Monday, May 22, 2006

(So as not to say only good things about myself . . .)

I've found myself to be . . . 'annoyingly independent' lately. Kind of like a little kid, maybe putting on shoes a way that's just wrong, never willing to accept help from anyone. Luckily, it doesn't seem to be seeping into every aspect of my life, but I've seen it a couple of times so far.

The first time I noticed it was when my new roommate, Marty, seemed to think that I needed to know how he cuts his strawberries - and he wouldn't let me do it the way I felt more comfortable without making sure I at least tried doing it his way. It was rather frustrating. Not only did I not want to have anyone tell me I was doing something wrong in the cooking world, but I just didn't like the way he wanted me to do it. Hmm.

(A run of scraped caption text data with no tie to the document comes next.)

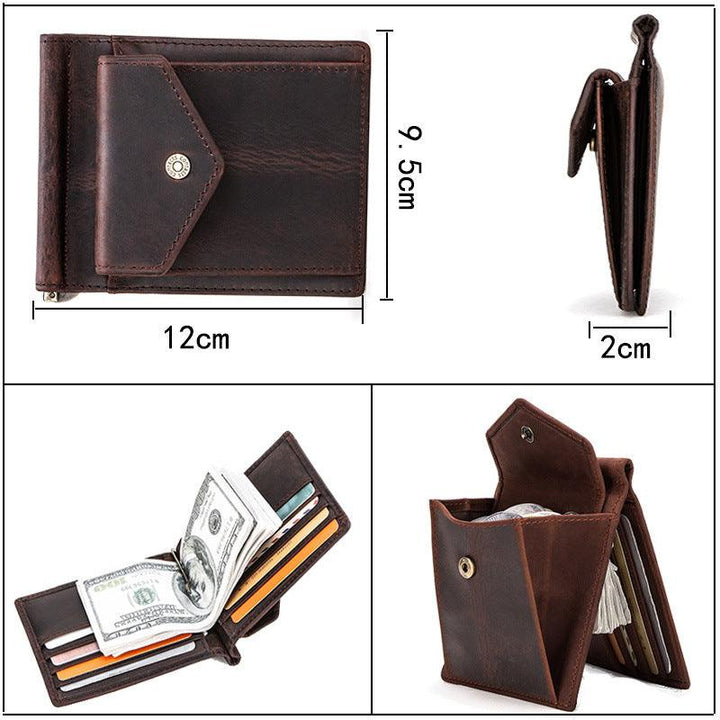 Retro Crazy Horse Cowhide Multifunctional Card Bag - Trendha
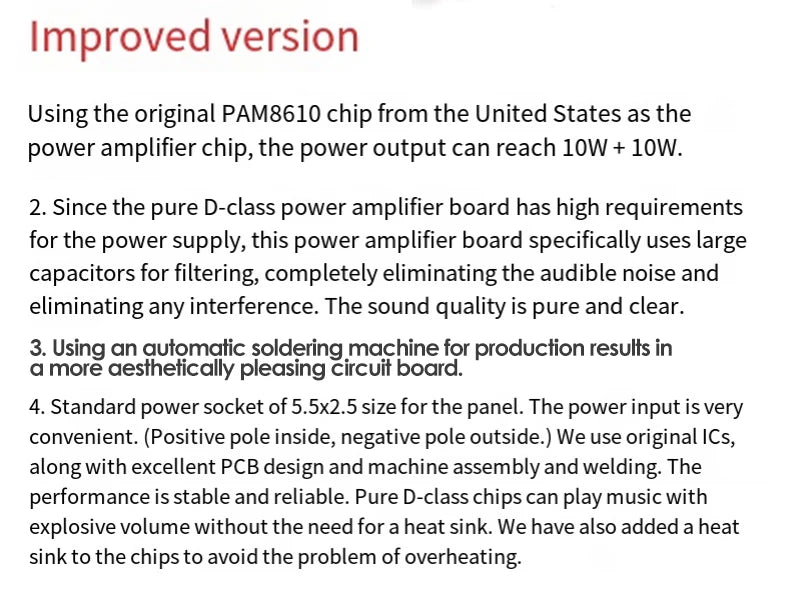 12V Mini Class D Amplifier Board PAM8610 2x7W RMS Stereo Power Audio Amp for Car Home PC Speaker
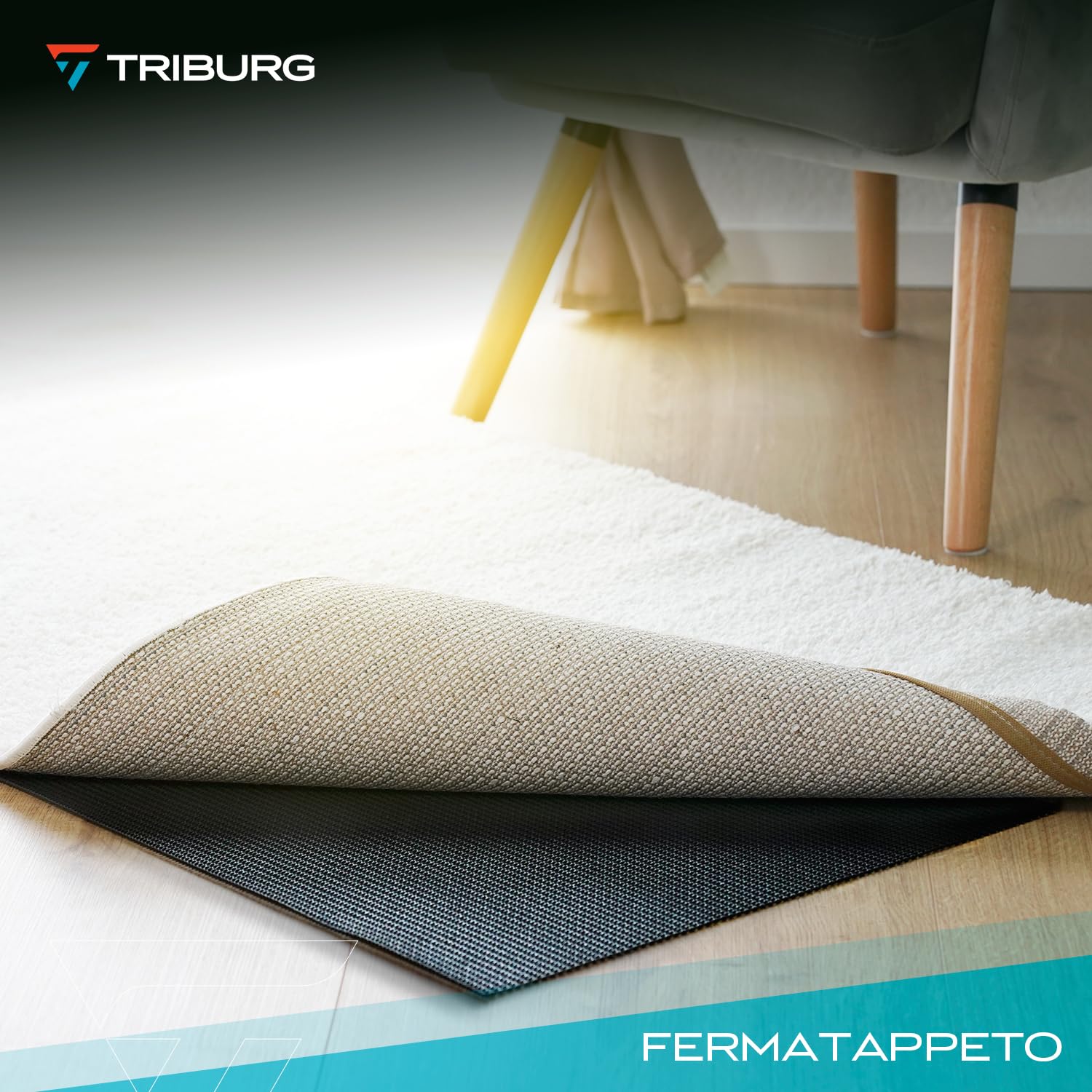 TRIBURG Tappetino universale antiscivolo 120x180 cm Può essere tagliato a misura e lavato - Tappetino per bagagliaio auto | Tappetino antiscivolo per moquette | Tappetino per cassetto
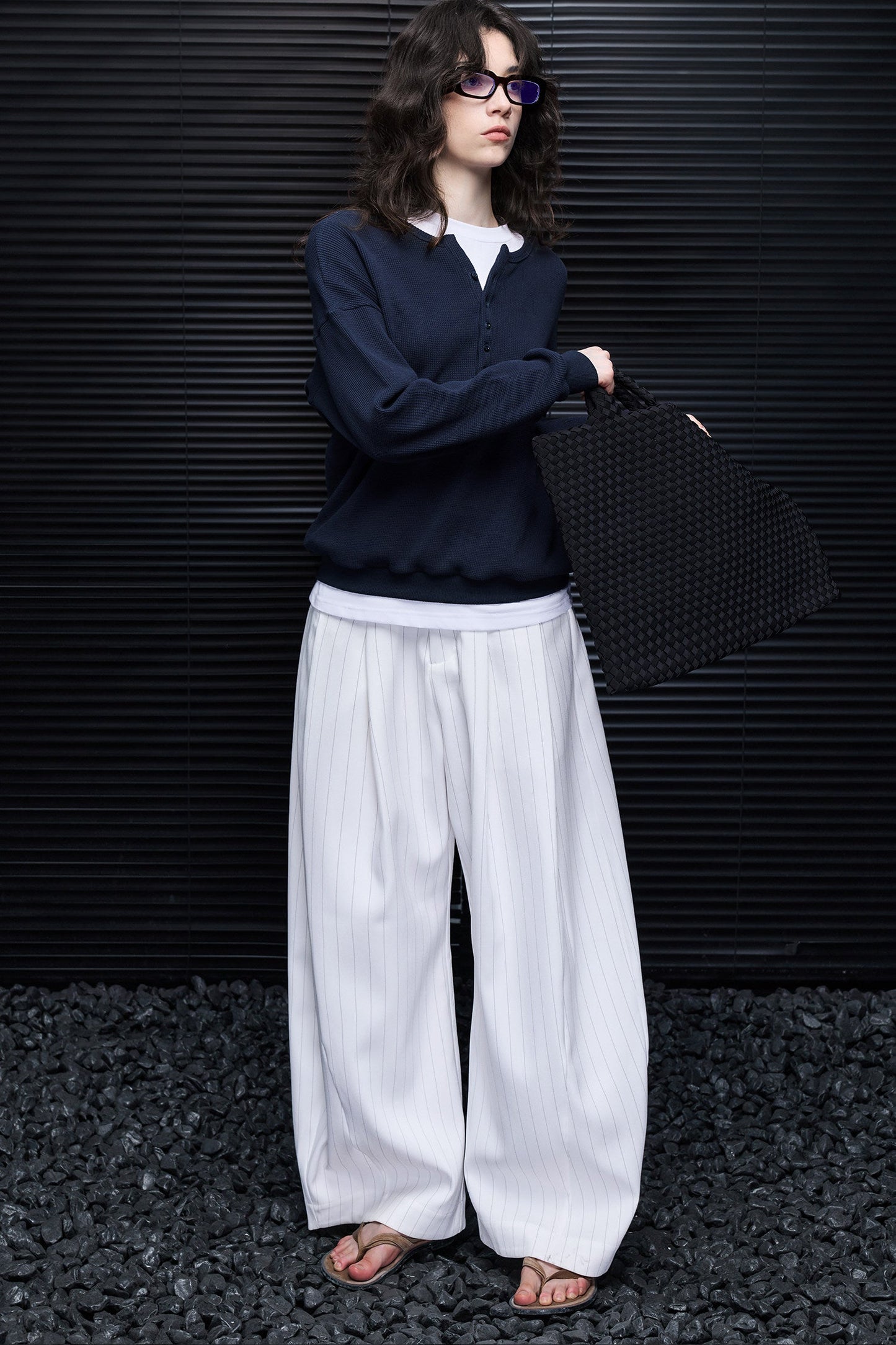 White Stripe High-Waisted Wide-Leg Pants B4952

The other example that comes to mind was the adamance (or 'adamancy' - if they're both words, why do they both exist?) the same roommate showed in explaining how much money he's saved since he stopped buying shaving cream . . . Apparently he just uses (cheap) soap now, instead. I think I felt much better about this conversation than the earlier one, probably because I had a response to his comment that I was more satisfied with: soap dries out my skin too much. :: roll eyes ::

Anyways. And I'm pretty sure something happened with a new guy at work that I just didn't like. Well - one such instance (though I'm sure there are others) was when he thought he knew what was going on in my phone conversation with a truck driver, and he thought his directions would be the be-all/end-all to get him here. Whatever.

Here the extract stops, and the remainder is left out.